È successo di nuovo, nel cuore della capitale, dove ogni giorno transitano centinaia di turisti. Un grosso pino, il terzo in meno di un mese nella zona intorno al Colosseo, è caduto ieri in pieno giorno, tra i passanti e i visitatori della Città Eterna, crollando sul marciapiede e andando ad impattare su una delle balaustre che costeggiano i Fori Imperiali. E non c'entra il maltempo. Tre persone sono rimaste ferite lievemente, solo il caso ha voluto che il bilancio non fosse più tragico. Come del resto era accaduto tre settimana fa in piazza Re di Roma, quando un altro pino di grandi dimensioni era venuto giù travolgendo un traliccio della luce e altri alberi vicino all'uscita della metro. Incidenti che ripropongono la questione della gestione del verde pubblico romano, visto la frequenza con cui si ripetono.

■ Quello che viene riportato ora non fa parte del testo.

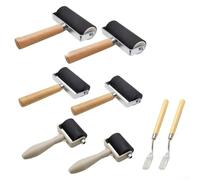 Kit professionnel de 8 pièces en caoutchouc avec poignées en bois robustes pour diverses applications d'art et d'artisanat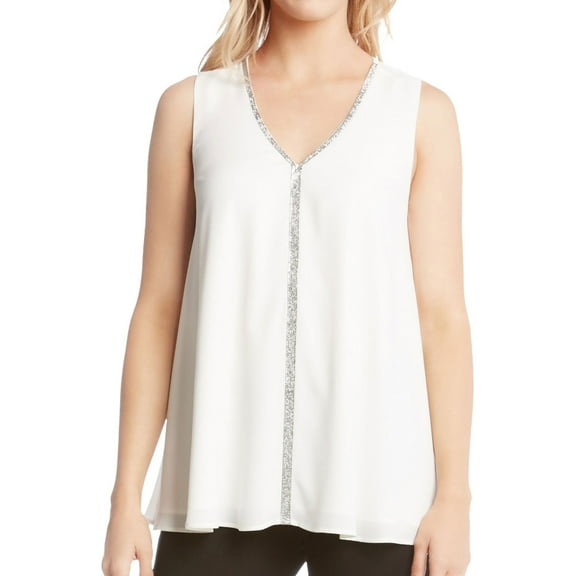 Karen Kane Womens Embellished Tank Top, White, X-Small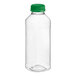 A clear plastic 14.5 oz. square juice bottle with a green lid.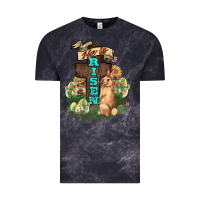 Cloud Black He is risen Bunny Cross Easter Day Vintage Tee - HowdyJamesFarm
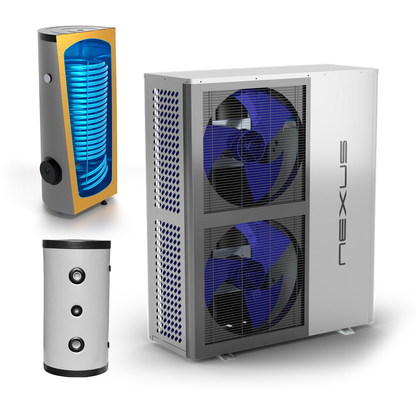 Monoblock Wärmepumpe 18 kW Sunex NEXUS M18 EVI Set mit 300 L Warmwasser und 100 L Pufferspeicher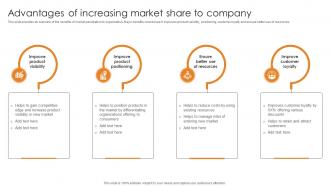 Market Penetration For Business Advantages Of Increasing Market Share To Company Strategy SS V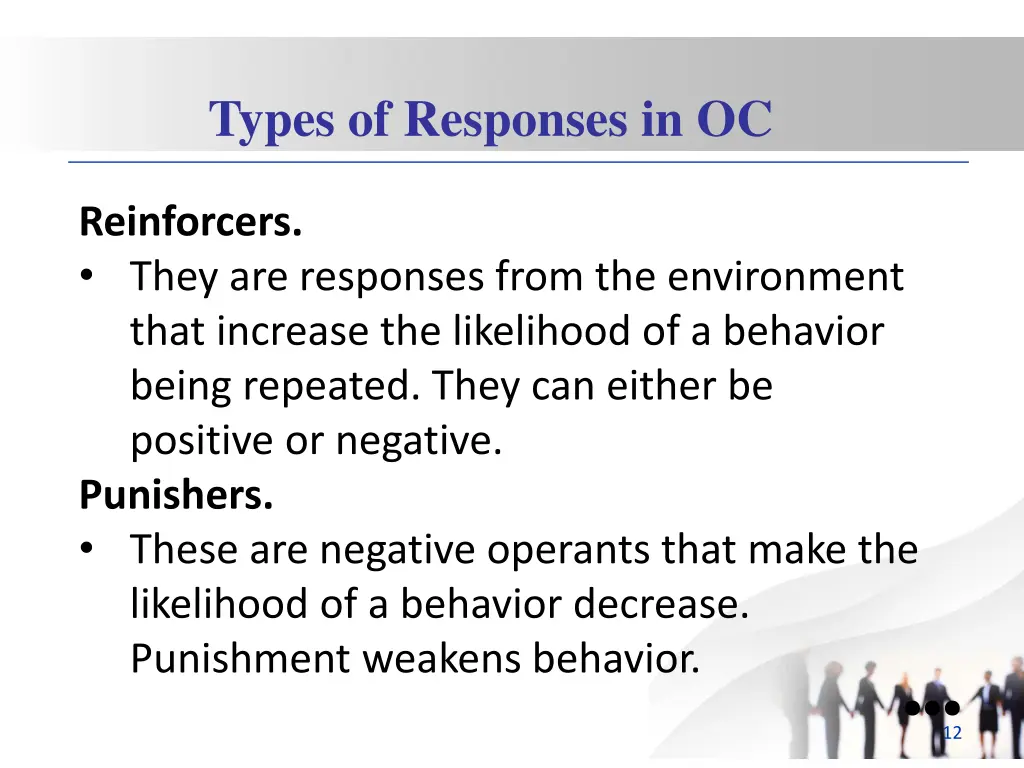 types of responses in oc 1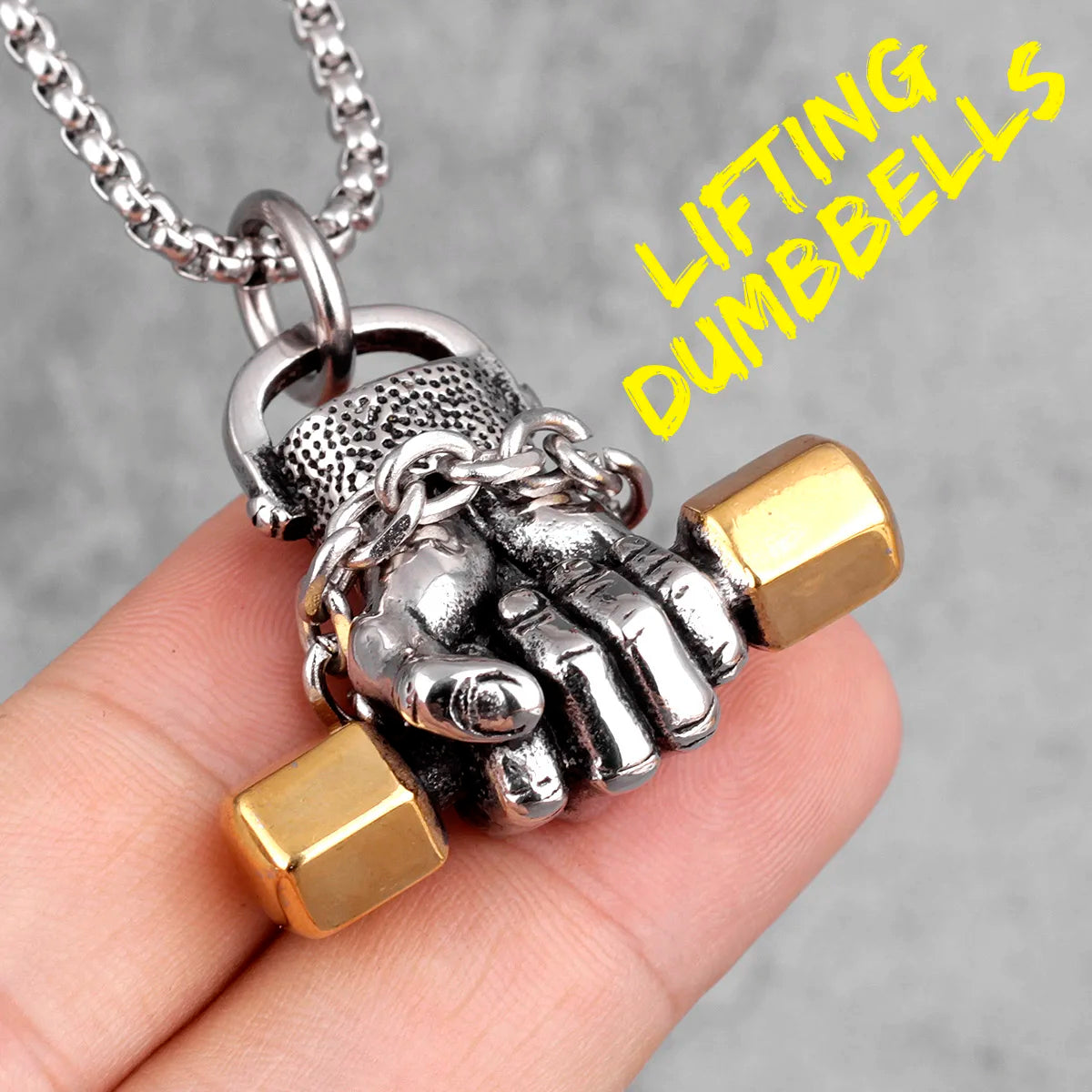 Fitness Bodybuilding Stainless Steel Men Necklaces Pendants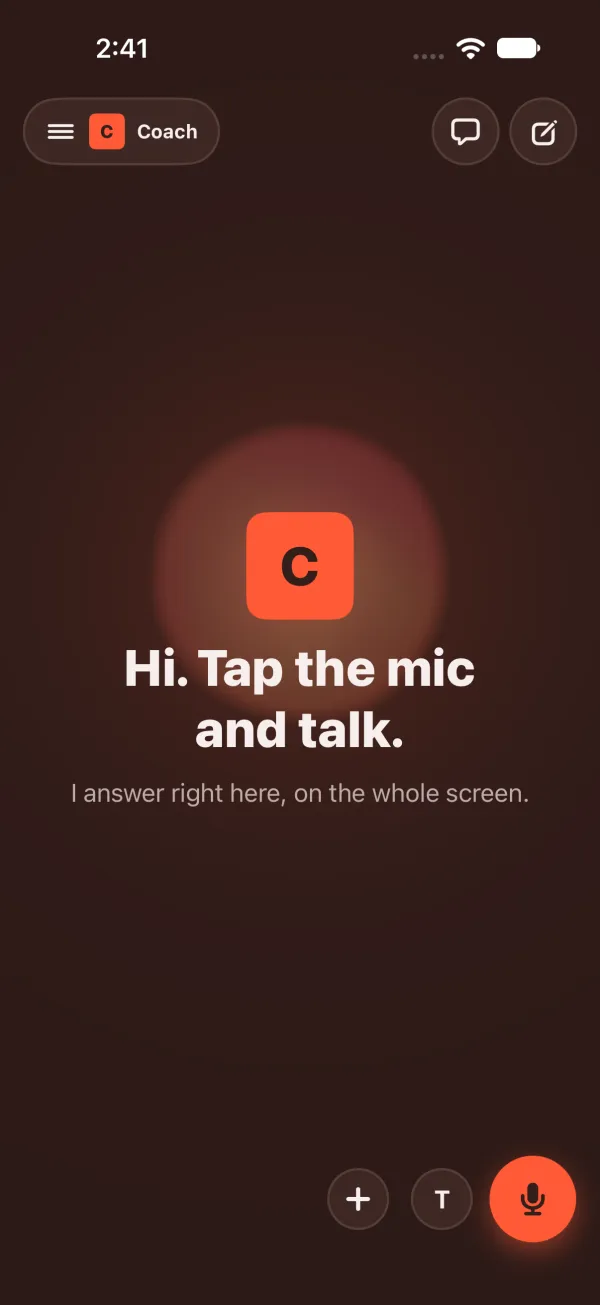 Dark mode: the menu pill with the agent's name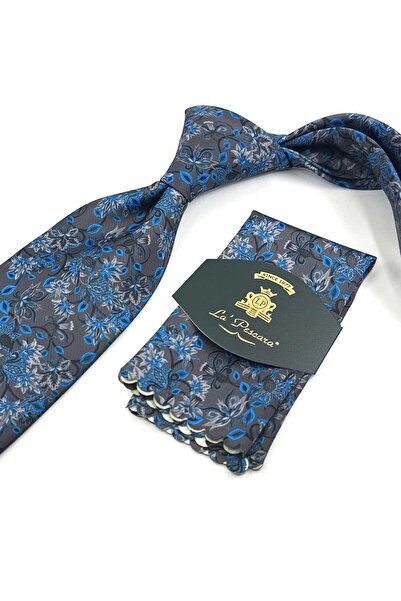 Kravatkolik Smoked - Indigo Blue Floral Pattern Printed Handkerchief Classic Tie Kk13349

Il cedimento è avvenuto intorno alle 13 in via di San Pietro in Carcere, all'interno di un'area in cui sono in corso lavori per sostituire i vecchi sampietrini. Una 17enne italiana che stava passando a piedi è stata investita dai rami, in modo non grave, ed è stata ricoverata all'ospedale Santo Spirito. Feriti dalla fronde anche due stranieri di 34 e 42 anni, portati al San Giovanni e al policlinico Umberto I. Sul posto sono intervenute diverse pattuglie della polizia locale di Roma Capitale per mettere in sicurezza l'area. Decisa la chiusura di un tratto dei Fori Imperiali per consentire le operazioni di verifica sulle alberature presenti lungo la via. L'assessora all'Ambiente del Campidoglio, Sabrina Alfonsi, è preoccupata: "Attiveremo subito un confronto con i tecnici e il mondo scientifico per capire che margini ci sono per migliorare la qualità dei controlli, ammesso che ciò sia possibile".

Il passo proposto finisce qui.